Maintainer confidential: Opportunities and challenges of the ubiquitous but under-resourced Yocto Project

7318

By Richard Purdie

Maintainers are an important topic of discussion. I’ve read a few perspectives, but I’d like to share mine as one of the lesser-known maintainers in the open source world.

Who am I, and what do I do? I have many job titles and, in many ways, wear many hats. I’m the “architect” for the Yocto Project and the maintainer and lead developer for both OpenEmbedded-Core and BitBake. I’m the chair of the Yocto Project Technical Steering Committee (TSC) and a member of the OpenEmbedded TSC. I am also a Linux Foundation Fellow, representing a rare “non-kernel” perspective. The fellowship was partly a response to an industry-wide desire for me to work in a position of independence for the good of the projects and communities I work with rather than any one company.

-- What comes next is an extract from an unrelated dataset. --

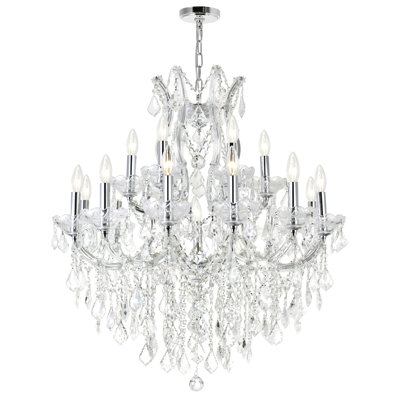 Lustre 19 lumières Orr, plafonnier en cristal chromé 32 pouces pour salle à manger, chambre à coucher ou vestibule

The different roles I’ve described hint at the complexities that are part of the everyday tasks of maintaining a complex open source project. Still, to many, it could look like a complex labyrinth of relationships, directions, and decisions to balance.

What the Yocto Project is

I still need to tell you more about what I do, so I should explain what the Yocto Project does. Most people realize Linux is all around us but have yet to think much about how it gets there or how to maintain or develop such systems. There is much more to a Linux system than just a kernel, and there are many use cases where a traditional desktop Linux distribution isn’t appropriate. In simple terms, the Yocto Project allows people to develop custom Linux (and non-Linux) systems in a maintainable way.

For a sense of scale, around 65% of the world’s internet traffic runs through devices from a specific manufacturer, and they have hundreds of millions of devices in the field. Those devices have software derived from the Yocto Project. The copy of Linux in Windows, “Windows Subsystem for Linux”, originally derived from the Yocto Project. Alongside the main operating system, most servers have a base management controller, which looks after the server’s health. The openBMC project provides that software and builds on the Yocto Project. A similar situation exists for cars using Automotive Grade Linux, which derives from the Yocto Project as well. The Comcast RDK is an open source UI software stack built using the project and is widely used on media devices such as set-top boxes, and the Yocto Project has also built LG’s TV WebOS operating system. We’ve even had a Yocto Project built system orbiting Mars!

Those examples are tips of the iceberg, as we only know some of the places it is in use; being open source, they don’t have to tell us. The Yocto Project feeds into things all around us. The fact that people don’t know about it is a sign we’ve done a good job—but a low profile can also mean it misses out on recognition and resourcing.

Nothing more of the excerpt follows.